March 16, 2015
So Peter and the other disciple started for the tomb. Both were running, but the other disciple outran Peter and reached the tomb first. He bent over and looked in at the strips of linen lying there but did not go in. Then Simon Peter came along behind him and went straight into the tomb. He saw the strips of linen lying there, as well as the cloth that had been wrapped around Jesus’ head. The cloth was still lying in its place, separate from the linen. –John 20:3-7
It was the evening of the first Easter Sunday. Earlier that morning Peter and John had been to the tomb. They had discovered it was empty. They saw the strips of linen as well as the cloth that had been wrapped around Jesus’ head. The cloth was still lying in its place, separate from the linen. It was a puzzling mystery. They knew something important had happened but they were not sure what. So they returned to the house where they were staying.
Mary, however, stayed behind. And she had a somewhat mystical experience. This is from John’s account (John 20:19-31). Weeping, she bent over once more to look into the tomb and she saw what appeared to be two angels in white, seated where Jesus’ body had been, one at the head and the other at the foot. Then immediately afterward she had an encounter with a stranger that in her grief she mistook for the gardener. Then he called her name and she discovered it wasn’t the gardener at all. It was Jesus risen from the grave. She ran back to tell Peter and John and the other disciples about her experience.
That evening the disciples were still processing all this. John tells us they were together, with the doors locked for fear of the Jewish leaders. That’s interesting. We make a big deal about Easter Sunday morning, but Easter Sunday evening, the disciples were still cowering in fear. Obviously some questions still remained.

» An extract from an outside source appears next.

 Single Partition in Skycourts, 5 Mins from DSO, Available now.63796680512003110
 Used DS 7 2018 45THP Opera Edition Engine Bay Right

So, there they were, these followers of Jesus, behind those locked doors, speaking in whispers, confused, frightened, like sheep without a shepherd. Then, “Jesus came and stood among them and said, ‘Peace be with you!’ After he said this, he showed them his hands and side.” Then John adds these words, “The disciples were overjoyed when they saw the Lord.” (John 20:20) The Gospel didn’t end on Easter morning. If it had, the questions and confusion would still been with us. It was Easter evening that made it clear. Jesus came to his disciples and said, “Peace be with you.” He didn’t stop there, either. He went on to say, “As the Father sent me, so I am sending you.”
Jesus gave them a few hours to process what had happened, and then put them to work. He meant for them, and us, to spread the Word immediately, trusting that he would give them the strength and courage to do it. As we approach Easter, as we meditate on the last week of Jesus’ life, perhaps we should pay more attention to Easter evening. We, too, are often confused, but Jesus was very clear.
Prayer: Father, we are often in need of clarity, especially as to our role in your Kingdom. But you were very clear when you said we are to spread the gospel throughout the world. Strike from our minds and hearts all doubt and fear, and give us willing and hearts to serve you. In the strong and powerful name of Jesus I pray. Amen.